那声音十分清冷又疏离,带着一丝不食人间烟火的气息。陆云休扭过头,先是张开嘴愣了片刻,随即立即解释:“我,我觉得你的衣裳很好看!所以才……”
“没事不要总盯着人看,不是所有人都会任由你看的。”少女说完话,转身跟着前面的几个师姐离开。
陆云休看着那少女的背影,许久都移不开目光。她的脊背总是挺得笔直,四肢纤瘦细长,头发漆黑如墨柔顺如瀑。
直到金陵坊的一行人走出房门之后,陆云休才回过神来。她急忙追出去,跑到那个少女身后急声说了句:“请问,你的名字叫什么?”
陆云休话音未落,走在最后的少女便停下了脚步。她扭回头,将陆云休从上至下打量了一番,这才开口:“李红袂。”
“红……红袂?”陆云休小声重复了一遍,还未等她反应过来,李红袂便随着走在前头的师姐们一起走远。

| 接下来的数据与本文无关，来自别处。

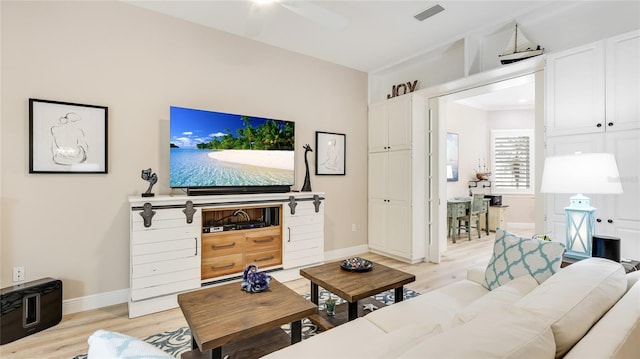 living room with baseboards, light wood-style flooring, visible vents, and a ceiling fan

染墨探头看了看呆站着的陆云休,快步走到她身后。染墨看了看骑马走远的李红袂,随后疑声问道:“你跟她认识吗?我怎么不知道你还有个金陵坊的朋友?”
“啊?我并不认识她。”陆云休顿了顿,又解释道:“我只是觉得她很好看,我一看到她就好像眼睛钉在了她身上一样。”
陆云休说完话,抿嘴痴痴的笑了起来,像是一个思春的少女。
染墨眯起眼睛打量了一番陆云休,眼眸中闪过一丝异样的光亮。她伸手拉过陆云休,凑到陆云休耳边小声问道:“喂,你不会是对人家有什么非分之想吧?我可告诉你啊,人家是正经的姑娘,你可不许有什么别的心思。”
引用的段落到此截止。